* _THE DATA_

Start of Block

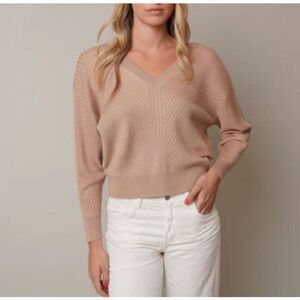 CYRUS WHITE/CREAM V-NECK DOLMAN SLEEVE SWEATER SZ.M NWOT.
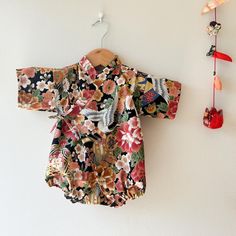 They are crane and Peony flower pattern kimono for babies!! 👘 🎐Size (1) ✴︎The Age: around 6 months to 12 months (Please check the babies) ✴︎Size: Height 60-70cm/24-27 Inches   ✴︎Material: 100% Cotton(Japanese fabric) -Colour might be different depending on the viewer's screen settings 🎐Size (2) ✴︎The Age: 12 months to 24 months (Please check the babies) ✴︎Size: Height 100cm/39 Inches   ✴︎Material: 100% Cotton  (Japanese fabric) -Colour might be different depending on the viewer's screen setti Twins Clothes, Baby Kimono, Japan Cute, Kimono Pattern, Fabric Colour, Age 12, Inside And Outside, Japanese Fabric, Easy Dressing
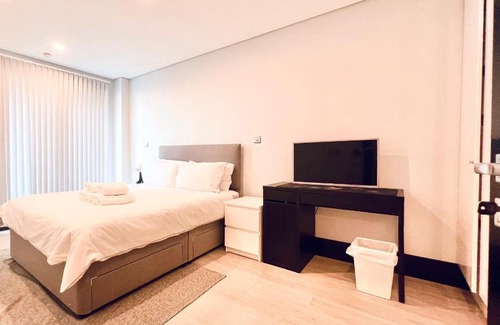 Whitechapel Apartment | 3Bedroom Apartment in 2Levels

End of Block

Hand back the data above exactly, with no images.

* _EXERCISE SOLUTION_
 CYRUS WHITE/CREAM V-NECK DOLMAN SLEEVE SWEATER SZ.M NWOT.
 They are crane and Peony flower pattern kimono for babies!! 👘 🎐Size (1) ✴︎The Age: around 6 months to 12 months (Please check the babies) ✴︎Size: Height 60-70cm/24-27 Inches   ✴︎Material: 100% Cotton(Japanese fabric) -Colour might be different depending on the viewer's screen settings 🎐Size (2) ✴︎The Age: 12 months to 24 months (Please check the babies) ✴︎Size: Height 100cm/39 Inches   ✴︎Material: 100% Cotton  (Japanese fabric) -Colour might be different depending on the viewer's screen setti Twins Clothes, Baby Kimono, Japan Cute, Kimono Pattern, Fabric Colour, Age 12, Inside And Outside, Japanese Fabric, Easy Dressing
 Whitechapel Apartment | 3Bedroom Apartment in 2Levels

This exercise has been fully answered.